(Task to carry out):
After locating the line that contains "Past attack on" in the data below, set down exactly that line and each one after it through the line that contains "保卫萝卜沙漠第九关攻略_保卫萝卜沙漠攻略9", and nothing more.

(Provided material):

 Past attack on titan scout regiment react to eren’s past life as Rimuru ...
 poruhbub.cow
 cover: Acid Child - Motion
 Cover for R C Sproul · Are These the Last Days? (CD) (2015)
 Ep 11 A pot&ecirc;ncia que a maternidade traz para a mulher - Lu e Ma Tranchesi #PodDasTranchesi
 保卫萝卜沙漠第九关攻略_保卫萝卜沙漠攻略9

==

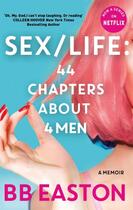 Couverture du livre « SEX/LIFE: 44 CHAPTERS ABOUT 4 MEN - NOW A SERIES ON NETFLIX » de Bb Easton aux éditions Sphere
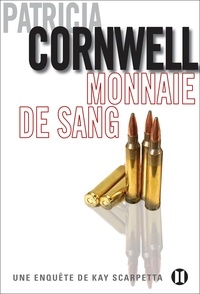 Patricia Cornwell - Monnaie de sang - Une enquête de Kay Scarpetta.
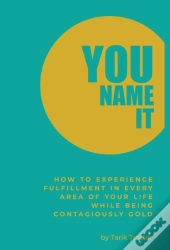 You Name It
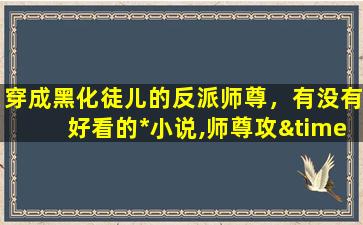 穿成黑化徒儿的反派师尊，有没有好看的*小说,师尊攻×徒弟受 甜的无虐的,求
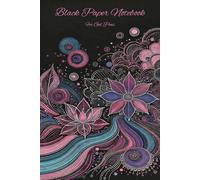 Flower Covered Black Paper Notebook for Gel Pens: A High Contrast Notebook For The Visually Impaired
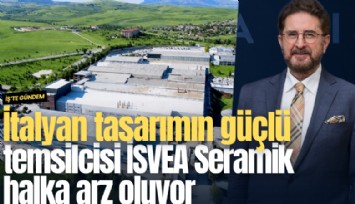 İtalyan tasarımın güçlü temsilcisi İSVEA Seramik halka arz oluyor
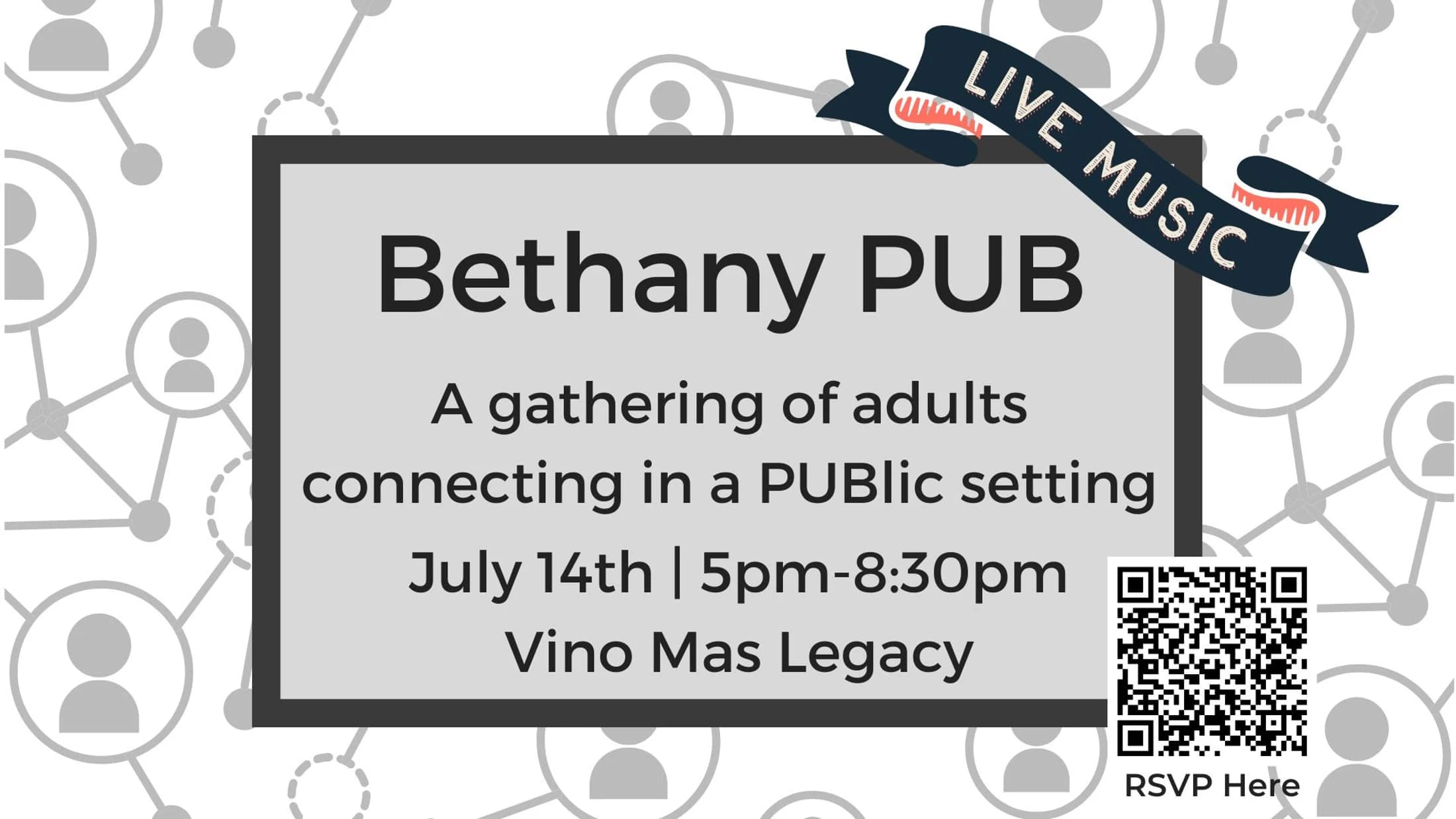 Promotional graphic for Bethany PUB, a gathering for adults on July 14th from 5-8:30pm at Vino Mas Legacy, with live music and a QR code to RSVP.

--

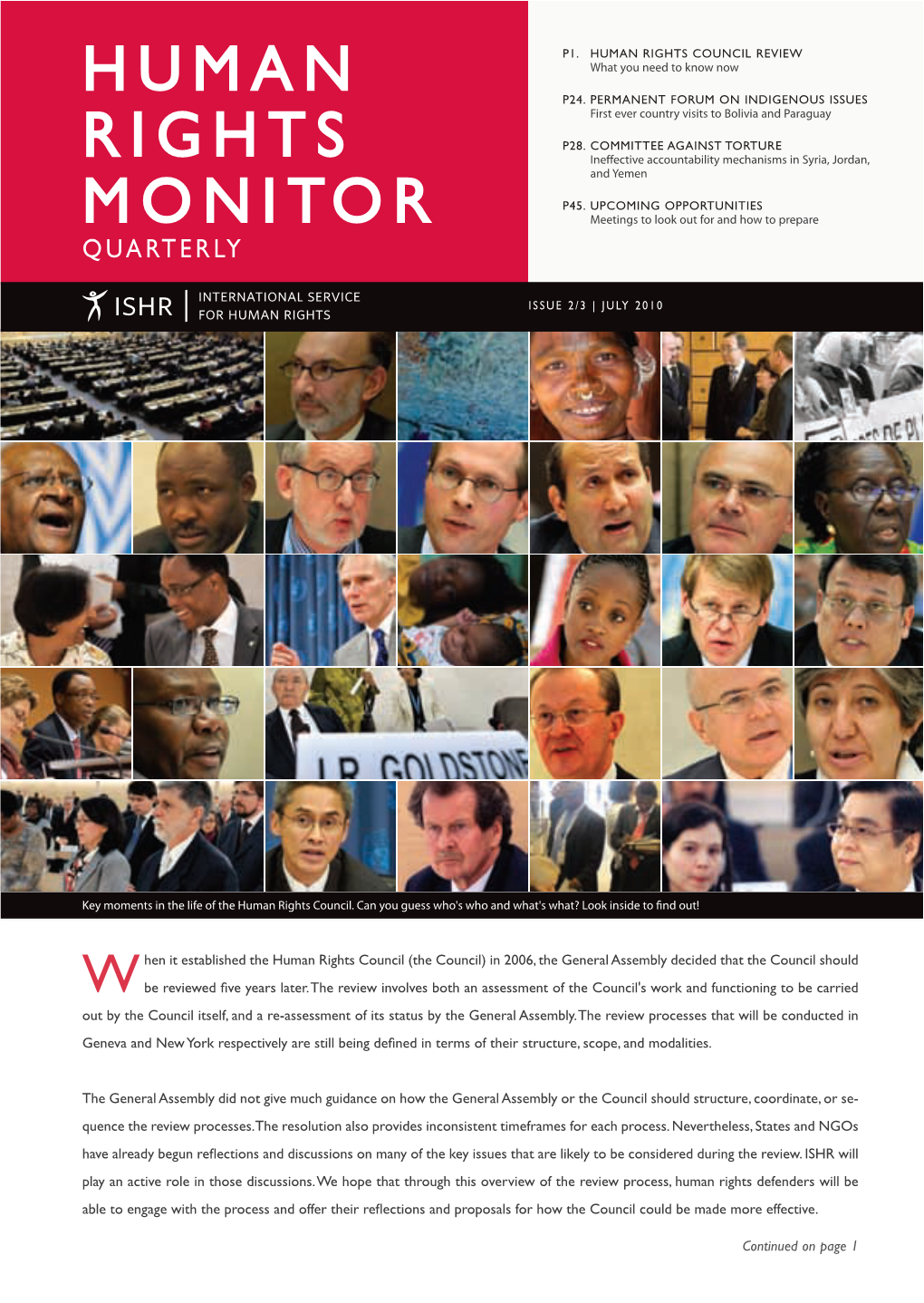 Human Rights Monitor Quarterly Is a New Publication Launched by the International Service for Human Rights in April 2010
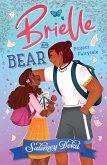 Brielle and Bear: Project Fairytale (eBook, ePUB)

(Answer section):
 Past attack on titan scout regiment react to eren’s past life as Rimuru ...
 poruhbub.cow
 cover: Acid Child - Motion
 Cover for R C Sproul · Are These the Last Days? (CD) (2015)
 Ep 11 A pot&ecirc;ncia que a maternidade traz para a mulher - Lu e Ma Tranchesi #PodDasTranchesi
 保卫萝卜沙漠第九关攻略_保卫萝卜沙漠攻略9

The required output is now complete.